Boundaries, and what they show us from beyond. (1)



From the many forms in which the audible appears to us, I have always been particularly interested in those who in a sense make us speechless. Areas that defy words, but which we definitely experience as 'something', not as 'nothing'. Many forms of the audible come close or come to meet language, others seem to elude or even oppose language. But while a certain remoteness to language seems to be almost natural for music, this remoteness for philosophy becomes the deepest possible abyss. The opposite of language coincides for philosophy with silence and nothingness.

Georges Bataille's argument with Hegel's negativity is also a confrontation with his teacher Alexandre Kojéve, who introduced him to Hegelian thought. Kojéve thinks it is romantic or mystical, to quasi ontologize 'the Nothing', so that 'the Nothing' is granted a status of existence. This 'too big' Nothing tears open the unbridgeable rift between the thing in itself and the human being and introduces a split between us and the world, which is a dead end. (The latter formulation could probably have come from Bruno Latour as well.)

Music, on the other hand, seems to have no problems with nothingness. It exactly seems to settle in those areas that can not be reached by words. What is the negative of thought is the realm of music. When the words fall silent, the music can begin. Is music romantic or mystical therefore? Does it contribute to the unbridgeable split?

Even more than the object-subject split, which is underpinned by the 'nothing' that has become 'something', I am particularly interested in the nothing becoming something, or the becoming of the something out of nothing: a something that is palpable, concrete, perhaps even tangible, but definitely differentiable beyond boundaries of language. In this case, the split becomes exactly what allows a transition. The dividing becomes the connecting.

My favorite idea of music (or art) is that of complementarity. Music as something that spells out its own borderline, in order to simultaneously make this border readable the other way round: as the outer edge of the unspeakable.

This metaphysical question may seem a bit removed from the theme of our symposium. However, the bridge between the unspeakable and the metamorphoses of the audible exatcly is complementarity.
The criticism of the principle of complementarity is obvious, because it presupposes that there is always more than what 'is'. That it situates the known in a sea of unknown. This will inevitably be doo[o]med as a dusty metaphysics. Or with more luck as a necessary metaphysics, its necessary minimum. The asceticism frequently practiced by philosophers of modernity, to not to think beyond what can be said, leaves music unexplained.

For the time being, let's stay with the border, with the question: where do we end. What is actually more metaphysical: to say, "where we end, beginns what we are not," or to say, "behind this end is absolutely nothing; and where we end, ends everything"? Is not the prohibition of thinking negation at least as metaphysical as the "yes to no", the affirmation of negativity, its repeatedly risked traversal in all its multifaceted constellations and its cultural impact on our positivity? At the very least, wanting (or needing) to think beyond is something like a human constant, that is, a positive, a given. Yet, the Parmenidean prohibition to think the negative, or Wittgenstein's asceticism towards the unsayable, is something like a compulsion, such as self-castigation, such as forcing oneself to sit on a nail board. The question about the beyond does not stop, even though we were told a hundred times and 'proved' that there was nothing behind it. From psychology and philosophy to religion and art to lotteries, this question is what urges us. The thought of the negative is not negative itself. The greatest achievements of humanity - from the pyramids and cathedrals to space travel and heart transplantation - are embossed by the 'beyond'.

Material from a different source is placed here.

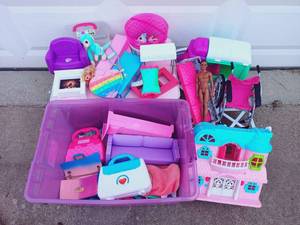 lot 7 image: Mixed Toy Set - Barbie Accessories,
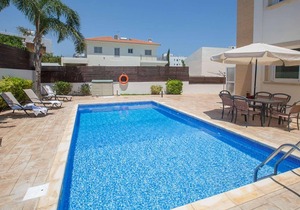 Lovely villa perfect for families, great location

After all, in the case of music or art, even the thought of a hereafter is not necessarily "mystical." The beyond of art is not the other side of the positively given, to which art can not be as easily attributed. In a way, art is more of a parallel world, something that is added to the given. And thus it negates the assertion of the given to be the totality of the positive. Art shows us the incompleteness of the world. Of course, again and again, philosophy has tried to demonstrate, that the attempt to think the complement of the given, leads us to the negative. But art has other alternatives to offer here.

From the different modes of operation of art I prefer the one to set a frame - not to fill it, but only to set it, as a suggestion, as an invitation to perception. Within the frame, something appears that is not art itself, but is made visible by it. The simplest example of this is the rectangle I shape with my fingers to enclose a frame. The rectangle is that what is made, staged: art, my suggestion for perception. But what you see through the rectangle is: the world? - maybe the world from a certain point of view. So the complement of art might be - and at least in this case: the positive, the given.

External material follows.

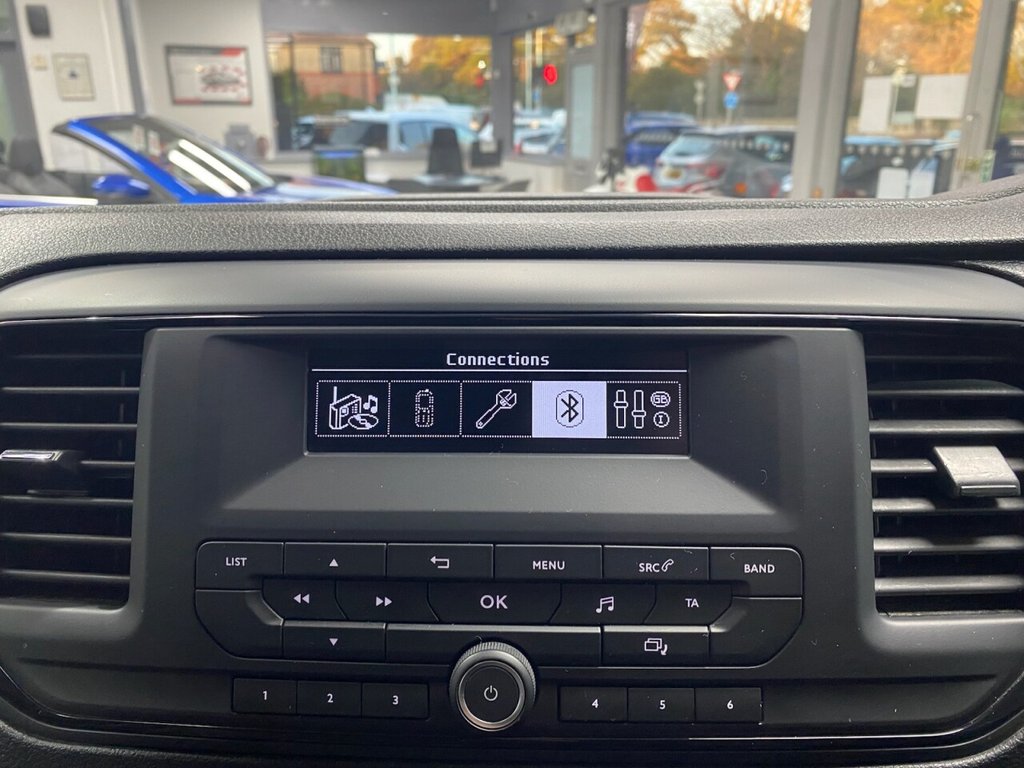 Used Vauxhall Vivaro 2020 for sale - 77153108: Photo 49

The choice of my subject matter partly stems from those conversations with Gabriel (2), in which we - generalizing - discussed the theorizing of music, and where we asked ourselves how far a theory about music can reach. Whether it 'just' protrudes a block far into music, or whether it intends to grasp the whole thing. Or if we have to assume a fundamental border of the sayable in respect to music. But while the border of what can be said is its outermost edge, the same boundary is the center of music, the very place where we must fall silent, and also want and celebrate this silence, building for it music palaces, opera houses, and philharmonics.

Bataille also tried to contrast the "too big" Nothing of Hegel with another dimension of falling silent and non-intelligibility: in the idea of the sacrifi[ei]ce. And perhaps there is even a secret connection between opera and sacrifice in this respect (german: Oper und Opfer). In respect to Hegel's negativity, Bataille speaks of the clarity of Hegel's "coherent" speech. This is not formulated as an appreciation, but is meant as a contrast agent, which could be held against the "dark", "not intelligible emotion" of the sacrifice (53). I am mentioning this, to ask myself, if not also in music, much of it, must appear to us as dark, not intelligible emotion. However, it can not be overlooked that both the sacrifice and music have an absolute 'razor-sharp' precision at work that performs the most complex actions, which belong to the highest degree of differenciation, that can hardly be obtained from language.

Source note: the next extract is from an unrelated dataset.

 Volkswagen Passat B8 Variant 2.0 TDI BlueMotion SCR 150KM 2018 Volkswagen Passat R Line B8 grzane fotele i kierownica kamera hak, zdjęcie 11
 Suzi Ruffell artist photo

A sort of linguistic boundary is already evident where the pianist exercises nothing but fingerings. [Brian Kane has spoken about techné / embodied knowledge] The capability of the body to store fine mechanical functions, the complexity of the physically memorized processes, mocks any description. (We know, that there's no better prevention of Alzheimer's than playing the piano ...) But it would take a whole Rg Veda to register what takes place in a single second of a more recent, only moderately complex ensemble music - especially when we consider not only what can be written in a score, but also the fine motor skills that make such a second sound.

At this point it turns out that the beyond of language, in music does not have to mean a beyond, but that it is about things that are just as 'tangible' as a piano chord.

Before we devote ourselves entirely to the tangible, I would like to further describe the transcendental principle of complementarity in art by using a paragraph from an older text.

About Cezanne was said, that - for instance in a still life - he does not paint the objects on the table, but the air that encloses them or the space that separates them.

Here is a kind of emblem to the idea of art as complementarity:



The drawing was made in the mid-90s, when I applied the principle of complementarity for the first time not only metaphorically but concretely material: In a piece with the title "Veronica" - which is an anagram to "vera icon": the true picture. In the piece, there are two different noise colors that are complementary to each other in the sense that they complement each other to white noise.

In another example, I would like to show that the transcendental principle of complementarity is also immanently effective, indeed almost displayable. I say "almost", because - and in this it is completely committed to the transcendental scheme - it can only be represented by being withdrawn.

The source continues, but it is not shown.